Tarik Talk conclut que « c’est très bien que l’Etat s’intéresse à ce qui se passe, parce que cela permet d’avoir une connexion directe entre les ressortissants du Maroc et de l’étranger et les autorités. C’est comme un échange direct, même si c’est un échange informel mais en tous les cas, ils savent ce qui s’y passe et c’est une bonne chose. Et j’encourage l’Etat à être vigilant à ce qui s’y passe pour écouter les différentes doléances et les différentes requêtes de sa population».

« Défendre sans propagande »

De l’avis du sociologue Bouchaib Majdoul, l’élargissement de ce mouvement de la Twittoma profite de cette montée en puissance de l’usage des plateformes virtuelles dans les domaines économiques, politiques et autres. «Et je trouve important ce qui se fait à ce niveau là. Ces groupes sont à l’origine de plusieurs initiatives à caractère caritatif venant en aide à des populations en situation de besoin (Ecole pour les enfants par exemple)», avance-t-il.

«Nous ne pouvons que saluer chaleureusement les actions de ces groupes qui se font dans l’anonymat investissant de leur temps et de leur argent aussi», se félicite-t-il dans le même contexte.

«Les Moorishs, quant à eux, sont dans une autre logique qui conjugue à la fois un travail de nationalisme historique qui se veut une manière de faire revivre les moments glorieux du pays (L’aspect impérial, les guerres réussies…) et un travail de défense contre les menaces réelles ou imaginaires du patrimoine culturel (Exemple Moorish Times: l’histoire du Haik marocain, l’histoire de l’équipe nationale du foot…)», précise ce professeur de sociologie/anthropologie à l’Université Ibn Zohr d’Agadir.

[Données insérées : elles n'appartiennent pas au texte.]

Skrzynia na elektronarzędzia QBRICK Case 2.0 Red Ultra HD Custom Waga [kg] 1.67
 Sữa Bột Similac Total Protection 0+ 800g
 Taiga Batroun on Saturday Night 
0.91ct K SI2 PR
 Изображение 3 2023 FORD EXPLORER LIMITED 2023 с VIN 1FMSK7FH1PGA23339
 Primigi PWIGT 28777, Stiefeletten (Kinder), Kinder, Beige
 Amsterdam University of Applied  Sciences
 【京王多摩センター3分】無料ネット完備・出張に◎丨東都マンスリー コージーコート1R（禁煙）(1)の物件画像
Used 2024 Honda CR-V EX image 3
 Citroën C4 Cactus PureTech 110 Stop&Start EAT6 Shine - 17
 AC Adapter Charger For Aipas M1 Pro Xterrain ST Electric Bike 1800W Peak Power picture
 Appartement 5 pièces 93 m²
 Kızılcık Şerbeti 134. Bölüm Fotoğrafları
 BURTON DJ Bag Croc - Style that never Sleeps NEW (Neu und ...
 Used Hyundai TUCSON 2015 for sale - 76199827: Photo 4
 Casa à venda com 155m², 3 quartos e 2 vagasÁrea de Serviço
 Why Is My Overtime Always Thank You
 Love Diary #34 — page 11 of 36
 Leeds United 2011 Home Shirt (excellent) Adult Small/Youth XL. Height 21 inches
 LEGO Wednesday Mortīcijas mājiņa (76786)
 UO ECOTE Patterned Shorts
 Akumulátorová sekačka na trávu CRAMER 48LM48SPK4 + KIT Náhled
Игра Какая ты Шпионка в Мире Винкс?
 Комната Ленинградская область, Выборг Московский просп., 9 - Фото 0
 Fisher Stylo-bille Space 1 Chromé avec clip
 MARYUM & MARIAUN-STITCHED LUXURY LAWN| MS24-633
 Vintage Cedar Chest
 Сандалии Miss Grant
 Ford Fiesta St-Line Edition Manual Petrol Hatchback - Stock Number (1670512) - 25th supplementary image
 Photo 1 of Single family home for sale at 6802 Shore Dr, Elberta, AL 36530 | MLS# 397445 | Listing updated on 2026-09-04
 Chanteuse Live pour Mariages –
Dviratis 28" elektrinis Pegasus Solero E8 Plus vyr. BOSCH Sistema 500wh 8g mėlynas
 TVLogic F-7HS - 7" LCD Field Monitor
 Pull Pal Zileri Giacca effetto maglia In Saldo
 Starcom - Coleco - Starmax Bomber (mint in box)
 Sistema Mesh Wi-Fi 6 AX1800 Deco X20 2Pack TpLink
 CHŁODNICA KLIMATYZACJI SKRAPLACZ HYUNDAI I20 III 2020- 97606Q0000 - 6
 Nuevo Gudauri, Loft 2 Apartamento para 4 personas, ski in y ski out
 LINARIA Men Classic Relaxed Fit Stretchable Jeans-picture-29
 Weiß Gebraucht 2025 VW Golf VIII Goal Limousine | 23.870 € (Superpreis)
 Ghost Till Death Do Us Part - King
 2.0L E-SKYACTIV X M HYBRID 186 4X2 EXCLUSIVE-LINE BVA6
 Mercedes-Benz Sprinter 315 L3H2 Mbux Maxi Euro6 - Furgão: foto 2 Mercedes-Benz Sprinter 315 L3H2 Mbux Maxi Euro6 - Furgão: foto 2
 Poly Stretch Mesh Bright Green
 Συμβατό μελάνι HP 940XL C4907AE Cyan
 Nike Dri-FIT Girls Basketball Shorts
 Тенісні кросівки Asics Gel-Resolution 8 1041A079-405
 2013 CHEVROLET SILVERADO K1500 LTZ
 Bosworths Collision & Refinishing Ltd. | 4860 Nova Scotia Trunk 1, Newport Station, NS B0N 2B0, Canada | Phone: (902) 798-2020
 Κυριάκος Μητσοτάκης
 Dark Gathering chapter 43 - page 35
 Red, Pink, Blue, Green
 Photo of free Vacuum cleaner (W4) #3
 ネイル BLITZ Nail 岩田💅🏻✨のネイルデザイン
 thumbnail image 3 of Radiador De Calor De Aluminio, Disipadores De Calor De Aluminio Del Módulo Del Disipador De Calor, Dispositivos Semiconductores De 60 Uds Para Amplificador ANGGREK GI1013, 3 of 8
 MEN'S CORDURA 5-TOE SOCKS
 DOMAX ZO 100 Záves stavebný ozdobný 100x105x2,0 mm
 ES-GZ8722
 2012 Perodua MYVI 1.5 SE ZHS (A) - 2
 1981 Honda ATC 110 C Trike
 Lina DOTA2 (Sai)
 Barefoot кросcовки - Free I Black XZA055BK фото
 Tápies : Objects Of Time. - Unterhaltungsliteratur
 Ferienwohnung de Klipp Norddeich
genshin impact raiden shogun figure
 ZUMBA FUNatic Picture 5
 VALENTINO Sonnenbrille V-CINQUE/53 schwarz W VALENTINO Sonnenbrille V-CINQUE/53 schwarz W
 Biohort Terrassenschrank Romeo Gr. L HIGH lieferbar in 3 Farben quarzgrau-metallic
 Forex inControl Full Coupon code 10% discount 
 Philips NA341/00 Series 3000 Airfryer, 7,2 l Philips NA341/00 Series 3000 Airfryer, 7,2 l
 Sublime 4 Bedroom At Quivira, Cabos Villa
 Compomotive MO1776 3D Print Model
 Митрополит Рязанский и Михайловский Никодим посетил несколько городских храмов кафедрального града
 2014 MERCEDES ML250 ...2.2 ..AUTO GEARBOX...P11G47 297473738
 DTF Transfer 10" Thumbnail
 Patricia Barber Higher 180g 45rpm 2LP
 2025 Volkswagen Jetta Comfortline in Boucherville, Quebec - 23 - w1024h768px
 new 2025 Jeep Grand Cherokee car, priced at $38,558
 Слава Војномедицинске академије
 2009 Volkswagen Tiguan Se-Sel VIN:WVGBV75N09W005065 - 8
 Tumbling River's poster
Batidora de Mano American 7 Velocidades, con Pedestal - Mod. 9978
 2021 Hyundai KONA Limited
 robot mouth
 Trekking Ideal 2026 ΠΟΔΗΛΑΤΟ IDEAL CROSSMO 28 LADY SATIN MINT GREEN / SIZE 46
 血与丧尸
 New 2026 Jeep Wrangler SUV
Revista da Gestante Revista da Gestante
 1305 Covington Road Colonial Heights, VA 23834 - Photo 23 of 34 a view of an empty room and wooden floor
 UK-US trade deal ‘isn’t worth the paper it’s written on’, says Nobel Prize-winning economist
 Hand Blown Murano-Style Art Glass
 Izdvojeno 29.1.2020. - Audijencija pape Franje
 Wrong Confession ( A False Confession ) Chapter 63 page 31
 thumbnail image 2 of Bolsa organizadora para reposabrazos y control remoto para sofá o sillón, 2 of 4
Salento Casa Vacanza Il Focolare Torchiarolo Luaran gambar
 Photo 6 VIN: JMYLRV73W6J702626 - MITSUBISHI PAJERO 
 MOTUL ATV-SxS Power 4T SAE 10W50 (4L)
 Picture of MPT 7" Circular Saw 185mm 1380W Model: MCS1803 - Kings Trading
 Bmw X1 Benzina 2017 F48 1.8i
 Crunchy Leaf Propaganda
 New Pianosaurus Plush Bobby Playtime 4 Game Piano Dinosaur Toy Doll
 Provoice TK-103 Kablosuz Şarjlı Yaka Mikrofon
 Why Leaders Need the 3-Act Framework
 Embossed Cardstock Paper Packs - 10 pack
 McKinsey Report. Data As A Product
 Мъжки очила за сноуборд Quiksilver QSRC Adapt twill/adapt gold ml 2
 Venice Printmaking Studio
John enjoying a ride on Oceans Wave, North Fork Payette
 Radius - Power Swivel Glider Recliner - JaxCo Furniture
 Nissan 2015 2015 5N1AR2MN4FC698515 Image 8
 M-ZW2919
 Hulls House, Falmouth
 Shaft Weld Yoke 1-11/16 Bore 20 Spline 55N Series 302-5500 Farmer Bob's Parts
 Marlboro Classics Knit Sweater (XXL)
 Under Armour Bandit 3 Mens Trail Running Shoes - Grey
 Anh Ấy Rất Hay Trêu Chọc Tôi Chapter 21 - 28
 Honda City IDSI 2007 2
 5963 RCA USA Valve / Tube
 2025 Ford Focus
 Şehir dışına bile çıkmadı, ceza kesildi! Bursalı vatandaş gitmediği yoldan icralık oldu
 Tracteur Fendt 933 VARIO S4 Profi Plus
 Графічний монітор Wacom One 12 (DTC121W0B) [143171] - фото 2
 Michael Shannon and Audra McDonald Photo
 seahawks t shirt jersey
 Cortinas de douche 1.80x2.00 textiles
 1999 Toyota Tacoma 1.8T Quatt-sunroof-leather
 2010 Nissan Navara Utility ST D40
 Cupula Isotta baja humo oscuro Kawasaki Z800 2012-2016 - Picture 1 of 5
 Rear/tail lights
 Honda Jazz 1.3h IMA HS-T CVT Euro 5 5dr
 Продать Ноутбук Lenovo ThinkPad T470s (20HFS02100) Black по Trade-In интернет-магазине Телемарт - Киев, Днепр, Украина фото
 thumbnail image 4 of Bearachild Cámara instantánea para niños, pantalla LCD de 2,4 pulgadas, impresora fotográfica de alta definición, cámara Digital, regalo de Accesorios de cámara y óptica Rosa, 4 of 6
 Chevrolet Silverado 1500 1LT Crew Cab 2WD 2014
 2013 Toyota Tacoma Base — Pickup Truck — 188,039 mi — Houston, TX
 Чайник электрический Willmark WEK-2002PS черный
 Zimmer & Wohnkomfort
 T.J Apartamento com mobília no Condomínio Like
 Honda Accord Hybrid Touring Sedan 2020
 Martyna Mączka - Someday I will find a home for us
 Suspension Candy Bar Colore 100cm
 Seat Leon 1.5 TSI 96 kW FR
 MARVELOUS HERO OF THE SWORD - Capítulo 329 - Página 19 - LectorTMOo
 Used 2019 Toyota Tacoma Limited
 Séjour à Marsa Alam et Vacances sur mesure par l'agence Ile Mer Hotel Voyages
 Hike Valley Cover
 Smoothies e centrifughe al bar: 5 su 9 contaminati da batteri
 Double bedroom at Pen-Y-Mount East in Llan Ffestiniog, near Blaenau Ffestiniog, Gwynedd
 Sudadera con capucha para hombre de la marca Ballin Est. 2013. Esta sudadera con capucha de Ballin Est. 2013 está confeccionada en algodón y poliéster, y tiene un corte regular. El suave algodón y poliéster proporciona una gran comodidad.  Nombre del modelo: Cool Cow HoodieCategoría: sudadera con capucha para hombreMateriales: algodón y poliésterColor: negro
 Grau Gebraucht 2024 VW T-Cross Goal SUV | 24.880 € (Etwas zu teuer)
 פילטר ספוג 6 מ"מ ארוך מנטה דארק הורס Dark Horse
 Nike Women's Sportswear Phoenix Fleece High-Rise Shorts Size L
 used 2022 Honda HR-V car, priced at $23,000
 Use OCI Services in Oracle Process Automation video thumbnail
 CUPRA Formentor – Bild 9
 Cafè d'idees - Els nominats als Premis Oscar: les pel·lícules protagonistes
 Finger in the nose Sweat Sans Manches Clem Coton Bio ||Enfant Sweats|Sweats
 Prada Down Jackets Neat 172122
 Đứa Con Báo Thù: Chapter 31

Majdoul pense dans ce sens que «la popularité de ces groupes trouve ses bouffées d’air et se nourrit de ce conflit (latent et manifeste) avec nos voisins Algériens».

« Le souci est de perdre l’objectivité nécessaire pour la crédibilité en exagérant dans le récit des exploits…Défendre les intérêts sans tomber dans la propagande »

Il dit également ne «trouver aucun mal à ce que l’Etat et les institutions prêtent attention à ces groupes pour un intérêt général. Sauf que le souci est de perdre l’objectivité nécessaire pour la crédibilité en exagérant dans le récit des exploits…Défendre les intérêts sans tomber dans la propagande».

Une plateforme « très élitiste »

Pour l’anthropologue Khalid Mouna, que nous avons joint pour comprendre la particularité de la présence marocaine sur Twitter, ce dernier «reste un réseau social très élitiste utilisé par les institutions et par des catégories sociales socioprofessionnelles limitées, parce que les Marocains sont plus sur d’autres réseaux, mais on perçoit une activité importante».

«J’ai remarqué que la plupart des tweets sont en lien avec des questions nationales. On peut faire une association avec certaines réalisations comme le succès du Maroc à la coupe du monde et continuer par la suite sur des questions comme le Sahara marocain, ainsi que certaines réalisations industrielles», a-t-il noté. Il nuance que cela «demeure quand même un phénomène qui touche un public limité, mais une catégorie sociale extrêmement active sur Twitter».

Le chercheur associé au Centre Jacques Berque-CNRS explique, dans la même veine, que «le gouvernement marocain est attentif » à ce qui se passe sur Twitter. «Cet intérêt de la part des institutions officielles vient du fait qu’il est un réseau social extrêmement suivi dans le monde et considéré comme sérieux».

«Certains dirigeants et institutions sont présents comme la Direction générale de la sûreté nationale que les Marocains suivent de manière active« , souligne Khalid Mouna, qui pense que «l’intérêt par rapport à Twitter vient aussi du fait de sa reprise par Elon Musk et tout le débat que cela a provoqué par la suite».

«Les Marocains se sont rendus compte de l’importance de cette plate-forme et sa puissance à l’échelle mondiale. Ce qui justifie à mon sens cet intérêt qui augmente de plus en plus au sein de public au Maroc», argumente-t-il.